自分が何を必要としているのかを問う
   中2 あかるら(akarura)  2025年6月2日

 良い家具は使い方さえ間違えなければ百年以上生活を共にすることができる。それに比べて車や家電製品の多くが十年使い続けると鉄くずの価値でしかなくなる。質の高い家具を長年活用することは経済的な利益だけでなく人間の意識にも良い影響を与える。自然の温かさと柔らかさは私達を受け入れ応援してくれるのだ。これは二十一世紀問題、つまり人間の基礎をどう造るのかという問いの解決にも繋がるだろう。百年の木目の家具が最も説得力のある対話相手となる。



 古くからある自然のものを大切にするべきだ。なぜなら自然の温かみを、五感を通して体験することができるからだ。木の質感や手触り、模様、そして匂いは怒りや焦りといったネガティブな感情を静めてくれる。つまり森林浴と同様、リラックス効果があるのだ。母は「良い物を長く、大切に使う」ことを重視し一つ一つの商品を吟味した上で購入している。私の勉強机を買うときも、母は値段よりも質にこだわり、ヒノキで作られた机を選んでくれたのだ。長時間の勉強で疲れた際や問題が解けずに焦っているときに私は机の引き出しを開ける。なぜならヒノキのツーンとした香りが鼻を通ると自然と心が落ち着くからだ。時間が経つにつれ、味わい深いものになるだろう。古くから使われているという歴史と自然の優しさを持った製品は私達の一生を共に生き、長年楽しませてくれる存在となるのだ。

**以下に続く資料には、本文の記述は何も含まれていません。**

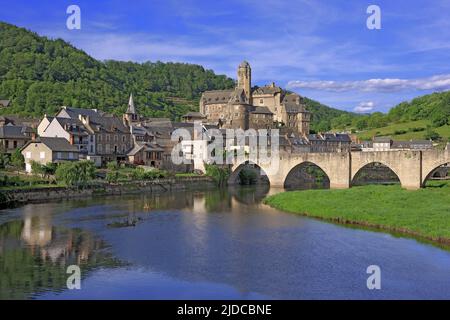 Francia, Aveyron Estaing, il villaggio labellized sormontato da un castello medievale, nella valle del Lot Foto Stock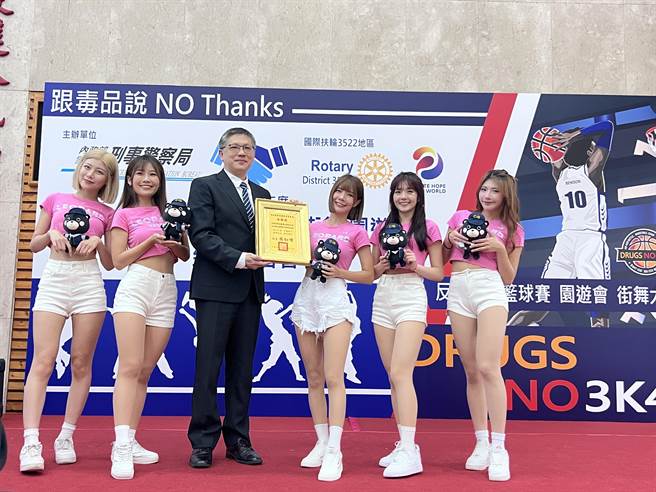 刑事局副局长黄壬聪颁发感谢奖牌给啦啦队。（翻摄照片／林郁平台北传真）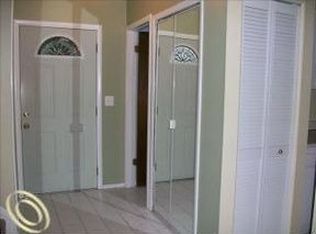 8425 Lakeview Ct, Ypsilanti, MI 48198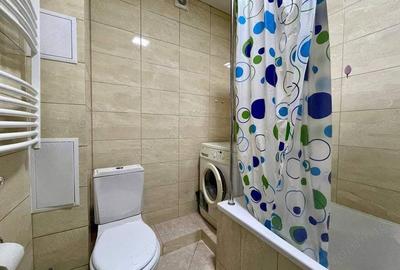 Apartament cu 3 camere în Apărătorii Patriei - 1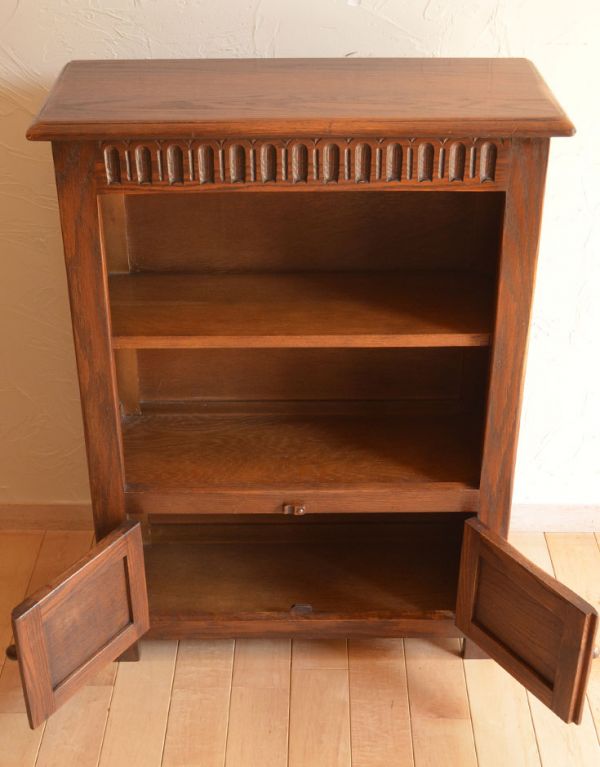 アンティーク家具　アンティーク英国家具、オープン棚のブックシェルフ（本棚）。内側も茶色なので落ち着きがあってかっこいいです。(k-1069-f)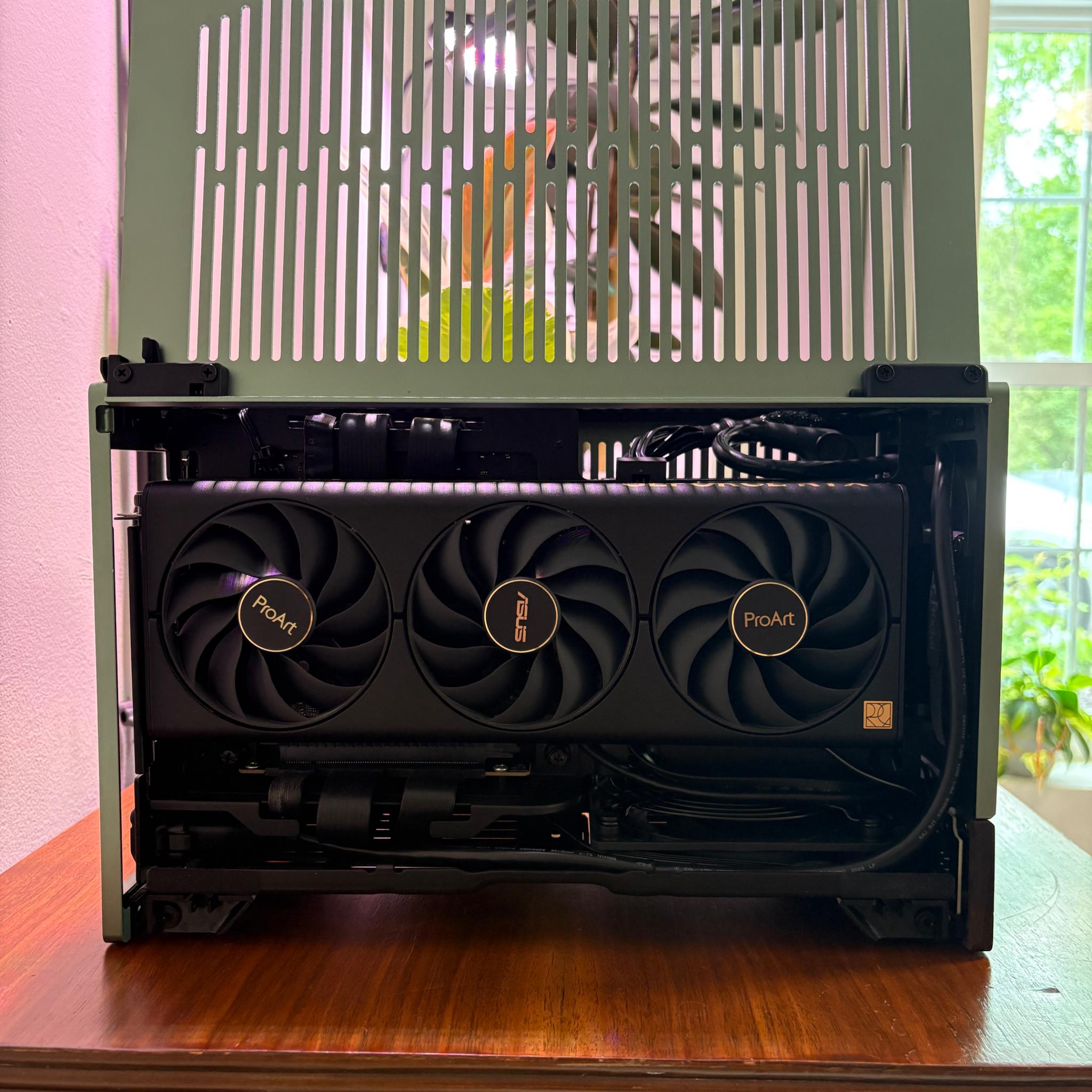 RTX 4070TI | Ryzen 5 7600X3D | 32GB DDR5 | 1TB SSD | 850W Gold PSU | Air Cooler | Fractal Terra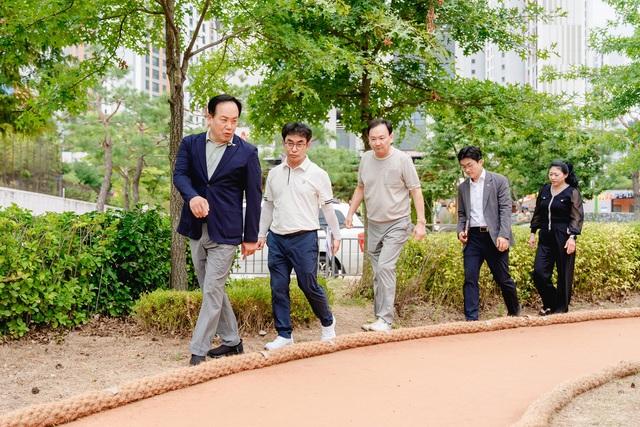 NSP통신-8일 이권재 오산시장(왼쪽)이 황톳길을 점검하는 모습. (사진 = 오산시)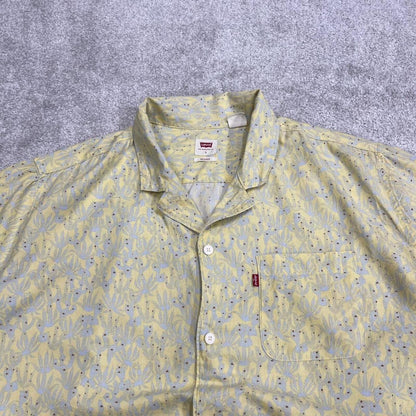 Y2K Levi’s funky pattern short sleeve shirt yellow Floaty festival button down shirt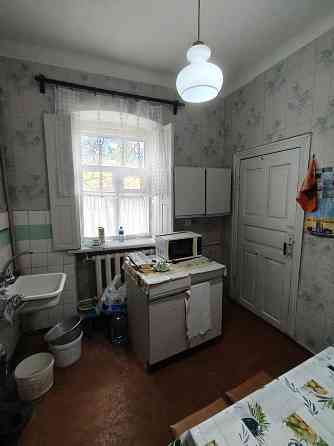 Срочно продам отдельностоящий кирпичный дом в центре Старобешева Старобешево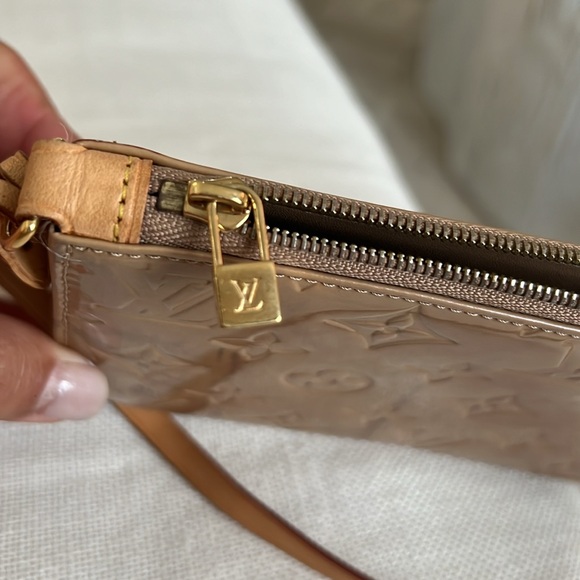 Monogram Louis Vuitton Vernis Lexington Pochette. Authentic. - Picture 4 of 5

 一方、新しいものを次々と買うことにもメリットがある。私達の生活がどんどん便利になっていくからだ。科学の発展と産業革命の時代から続く工業化の流れが今日の次々と新たな製品が生まれ大量生産される世の中を作っている。例えばスマートフォンに注目すると、壊れていたり使えなかったりするということではないにも関わらず、便利な機能を求めて新しいものを買ってしまう。中にはいくら値段が高くても並んで買う人もいる。従来の物が目まぐるしいスピードで新製品に置き換わっていくのだ。このように新しい商品を次々と購入していくことは生活の質を向上させ、便利さと物質的豊かさを得ることにも繋がるだろう。



 確かに古くからある自然のものを大切にすることにも新製品を次々と購入することにもどちらにもメリットがある。しかし最も大切なのは、自分は何が必要でどのような生活を送りたいのかを考えることだ。「絶えずあなたを何者かに変えようとする世界の中で、自分らしくあり続けること。それがもっとも素晴らしい偉業である。」というラルフ・ウォルドー・エマーソンの言葉がある。どちらか一つに偏ることが必ずしも良案とは言えない。自分の立場を考え真剣に選んで買ったものこそが、自分にとって最も効果的で満足できる商品と言えるのではないだろうか。